### EXERCISE DETAILS
Search the entries for lines with the string "Shirt" and say how many there are, giving only the number.

### AVAILABLE RECORDS
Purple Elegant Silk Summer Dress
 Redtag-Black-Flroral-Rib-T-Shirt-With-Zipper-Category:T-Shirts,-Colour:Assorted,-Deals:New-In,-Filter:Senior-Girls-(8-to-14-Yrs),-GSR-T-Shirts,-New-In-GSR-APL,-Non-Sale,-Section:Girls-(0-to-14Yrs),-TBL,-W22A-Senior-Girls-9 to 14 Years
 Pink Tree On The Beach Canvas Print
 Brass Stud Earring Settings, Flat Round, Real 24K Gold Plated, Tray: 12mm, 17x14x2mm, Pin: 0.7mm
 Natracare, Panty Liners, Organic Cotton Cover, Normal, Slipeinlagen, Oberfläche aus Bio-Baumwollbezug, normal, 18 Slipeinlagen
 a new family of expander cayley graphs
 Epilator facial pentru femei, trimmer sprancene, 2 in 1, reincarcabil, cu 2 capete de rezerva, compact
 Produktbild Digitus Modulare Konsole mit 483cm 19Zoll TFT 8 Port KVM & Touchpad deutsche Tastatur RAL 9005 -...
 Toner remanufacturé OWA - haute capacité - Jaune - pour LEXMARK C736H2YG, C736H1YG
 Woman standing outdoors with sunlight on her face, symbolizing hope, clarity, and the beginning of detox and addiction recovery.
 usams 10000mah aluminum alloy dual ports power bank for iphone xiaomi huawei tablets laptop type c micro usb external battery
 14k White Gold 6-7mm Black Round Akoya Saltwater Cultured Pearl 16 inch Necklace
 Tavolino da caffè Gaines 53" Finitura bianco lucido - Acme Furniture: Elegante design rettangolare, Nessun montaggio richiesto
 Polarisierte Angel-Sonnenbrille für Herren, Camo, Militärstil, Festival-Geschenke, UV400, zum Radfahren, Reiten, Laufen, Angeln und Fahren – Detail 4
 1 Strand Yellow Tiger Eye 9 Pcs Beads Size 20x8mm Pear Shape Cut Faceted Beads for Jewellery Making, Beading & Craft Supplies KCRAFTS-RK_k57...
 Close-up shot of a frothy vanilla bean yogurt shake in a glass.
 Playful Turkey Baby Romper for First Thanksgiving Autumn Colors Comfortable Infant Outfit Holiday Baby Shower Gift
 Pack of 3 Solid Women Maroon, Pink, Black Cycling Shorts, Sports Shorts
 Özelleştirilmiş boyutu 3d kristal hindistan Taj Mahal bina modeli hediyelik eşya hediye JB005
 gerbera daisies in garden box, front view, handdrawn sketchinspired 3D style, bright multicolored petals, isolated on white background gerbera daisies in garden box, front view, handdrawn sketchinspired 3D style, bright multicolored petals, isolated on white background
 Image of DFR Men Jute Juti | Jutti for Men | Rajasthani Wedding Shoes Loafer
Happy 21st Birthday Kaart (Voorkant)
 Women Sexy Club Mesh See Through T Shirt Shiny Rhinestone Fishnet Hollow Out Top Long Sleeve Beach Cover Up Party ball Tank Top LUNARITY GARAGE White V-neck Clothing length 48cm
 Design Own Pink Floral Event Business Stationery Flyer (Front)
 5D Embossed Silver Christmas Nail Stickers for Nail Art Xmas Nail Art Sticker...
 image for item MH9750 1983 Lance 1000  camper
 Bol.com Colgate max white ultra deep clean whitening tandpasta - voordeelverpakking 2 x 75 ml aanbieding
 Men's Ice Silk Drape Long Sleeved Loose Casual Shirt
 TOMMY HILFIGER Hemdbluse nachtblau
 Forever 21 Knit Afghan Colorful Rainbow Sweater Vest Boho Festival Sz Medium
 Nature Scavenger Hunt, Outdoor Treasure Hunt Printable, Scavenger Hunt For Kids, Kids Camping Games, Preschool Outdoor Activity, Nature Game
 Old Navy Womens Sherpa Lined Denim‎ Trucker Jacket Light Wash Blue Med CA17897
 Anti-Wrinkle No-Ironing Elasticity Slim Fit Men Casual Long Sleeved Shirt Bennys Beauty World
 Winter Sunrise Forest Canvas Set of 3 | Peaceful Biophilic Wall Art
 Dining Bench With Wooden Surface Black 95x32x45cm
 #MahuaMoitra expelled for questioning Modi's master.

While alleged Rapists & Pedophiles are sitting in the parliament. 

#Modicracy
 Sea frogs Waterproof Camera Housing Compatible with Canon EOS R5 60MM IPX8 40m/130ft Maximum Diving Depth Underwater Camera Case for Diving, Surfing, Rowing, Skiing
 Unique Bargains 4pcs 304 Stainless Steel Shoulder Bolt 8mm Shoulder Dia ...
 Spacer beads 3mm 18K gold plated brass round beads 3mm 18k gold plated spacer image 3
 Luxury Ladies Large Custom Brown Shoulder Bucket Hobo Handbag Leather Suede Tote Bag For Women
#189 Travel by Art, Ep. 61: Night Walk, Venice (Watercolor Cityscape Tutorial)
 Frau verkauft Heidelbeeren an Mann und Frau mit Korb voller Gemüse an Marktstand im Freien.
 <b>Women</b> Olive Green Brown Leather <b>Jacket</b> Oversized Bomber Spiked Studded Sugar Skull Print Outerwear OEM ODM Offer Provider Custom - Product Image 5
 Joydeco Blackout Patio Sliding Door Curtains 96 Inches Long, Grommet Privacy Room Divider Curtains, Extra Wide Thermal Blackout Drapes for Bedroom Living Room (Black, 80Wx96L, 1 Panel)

### FINISHED EXERCISE
4